◆ **WHAT TO DO**: All that should appear is the line containing "G20 320i Saloon LCI RHD MX" and the lines after it in the records below, each reproduced exactly.

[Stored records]
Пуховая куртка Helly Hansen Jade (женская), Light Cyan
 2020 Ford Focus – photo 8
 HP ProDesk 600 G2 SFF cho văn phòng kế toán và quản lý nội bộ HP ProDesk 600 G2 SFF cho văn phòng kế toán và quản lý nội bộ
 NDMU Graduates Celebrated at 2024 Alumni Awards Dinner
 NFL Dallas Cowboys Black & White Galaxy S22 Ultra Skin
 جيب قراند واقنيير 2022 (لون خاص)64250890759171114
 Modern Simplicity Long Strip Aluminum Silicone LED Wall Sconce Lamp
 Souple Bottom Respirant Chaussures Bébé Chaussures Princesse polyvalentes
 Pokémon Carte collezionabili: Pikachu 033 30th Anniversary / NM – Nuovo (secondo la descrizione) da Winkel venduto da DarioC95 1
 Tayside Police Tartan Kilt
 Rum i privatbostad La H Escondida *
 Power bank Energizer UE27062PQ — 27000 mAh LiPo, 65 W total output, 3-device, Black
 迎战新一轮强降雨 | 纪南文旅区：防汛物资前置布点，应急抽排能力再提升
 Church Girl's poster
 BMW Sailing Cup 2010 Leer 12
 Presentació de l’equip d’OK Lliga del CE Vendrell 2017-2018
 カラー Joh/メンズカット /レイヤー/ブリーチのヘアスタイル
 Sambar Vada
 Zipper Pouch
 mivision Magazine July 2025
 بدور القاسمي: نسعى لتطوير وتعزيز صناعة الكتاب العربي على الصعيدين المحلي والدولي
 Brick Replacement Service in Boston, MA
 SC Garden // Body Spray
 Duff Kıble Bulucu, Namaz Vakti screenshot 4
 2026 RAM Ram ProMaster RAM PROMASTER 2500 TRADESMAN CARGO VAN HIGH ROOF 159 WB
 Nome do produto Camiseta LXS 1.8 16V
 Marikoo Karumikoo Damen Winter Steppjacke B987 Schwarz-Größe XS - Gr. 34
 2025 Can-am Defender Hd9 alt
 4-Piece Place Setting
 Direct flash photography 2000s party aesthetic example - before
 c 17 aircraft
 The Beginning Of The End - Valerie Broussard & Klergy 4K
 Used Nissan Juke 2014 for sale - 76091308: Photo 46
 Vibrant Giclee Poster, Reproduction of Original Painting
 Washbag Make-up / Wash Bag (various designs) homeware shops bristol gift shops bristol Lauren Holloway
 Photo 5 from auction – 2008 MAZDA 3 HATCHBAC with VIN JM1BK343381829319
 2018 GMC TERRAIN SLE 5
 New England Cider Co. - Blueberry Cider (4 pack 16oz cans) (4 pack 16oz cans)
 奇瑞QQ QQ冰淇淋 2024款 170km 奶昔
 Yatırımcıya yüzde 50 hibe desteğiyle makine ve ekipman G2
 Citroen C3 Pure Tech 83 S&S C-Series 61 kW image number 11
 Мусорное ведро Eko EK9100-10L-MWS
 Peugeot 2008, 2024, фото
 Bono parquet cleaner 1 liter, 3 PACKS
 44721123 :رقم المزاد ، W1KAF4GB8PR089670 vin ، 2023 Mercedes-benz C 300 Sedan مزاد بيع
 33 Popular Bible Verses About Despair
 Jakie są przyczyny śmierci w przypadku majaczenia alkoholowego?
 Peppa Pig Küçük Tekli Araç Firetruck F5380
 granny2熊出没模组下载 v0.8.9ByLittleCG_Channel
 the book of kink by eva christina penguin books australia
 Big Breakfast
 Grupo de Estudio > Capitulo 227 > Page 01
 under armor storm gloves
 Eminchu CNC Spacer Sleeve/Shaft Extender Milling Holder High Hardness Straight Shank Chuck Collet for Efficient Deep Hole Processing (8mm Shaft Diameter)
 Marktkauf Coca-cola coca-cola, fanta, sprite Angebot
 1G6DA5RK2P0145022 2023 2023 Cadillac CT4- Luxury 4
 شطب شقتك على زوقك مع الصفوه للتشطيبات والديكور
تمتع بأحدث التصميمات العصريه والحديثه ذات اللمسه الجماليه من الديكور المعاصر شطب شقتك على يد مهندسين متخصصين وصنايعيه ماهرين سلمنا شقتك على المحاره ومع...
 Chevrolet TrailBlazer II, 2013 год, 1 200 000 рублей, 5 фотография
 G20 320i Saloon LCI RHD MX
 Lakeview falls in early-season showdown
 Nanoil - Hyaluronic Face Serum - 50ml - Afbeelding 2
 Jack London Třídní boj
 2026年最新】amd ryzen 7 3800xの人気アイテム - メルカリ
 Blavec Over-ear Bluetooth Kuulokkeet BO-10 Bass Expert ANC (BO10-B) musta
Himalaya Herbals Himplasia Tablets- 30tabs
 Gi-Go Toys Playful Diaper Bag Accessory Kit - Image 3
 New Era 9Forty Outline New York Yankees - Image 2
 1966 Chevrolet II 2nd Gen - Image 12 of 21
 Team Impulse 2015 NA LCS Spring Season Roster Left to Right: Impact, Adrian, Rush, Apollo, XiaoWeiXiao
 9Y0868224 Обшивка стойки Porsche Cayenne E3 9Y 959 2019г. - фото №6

◆ **RESULT OF THIS EXERCISE**:
 G20 320i Saloon LCI RHD MX
 Lakeview falls in early-season showdown
 Nanoil - Hyaluronic Face Serum - 50ml - Afbeelding 2
 Jack London Třídní boj
 2026年最新】amd ryzen 7 3800xの人気アイテム - メルカリ
 Blavec Over-ear Bluetooth Kuulokkeet BO-10 Bass Expert ANC (BO10-B) musta
Himalaya Herbals Himplasia Tablets- 30tabs
 Gi-Go Toys Playful Diaper Bag Accessory Kit - Image 3
 New Era 9Forty Outline New York Yankees - Image 2
 1966 Chevrolet II 2nd Gen - Image 12 of 21
 Team Impulse 2015 NA LCS Spring Season Roster Left to Right: Impact, Adrian, Rush, Apollo, XiaoWeiXiao
 9Y0868224 Обшивка стойки Porsche Cayenne E3 9Y 959 2019г. - фото №6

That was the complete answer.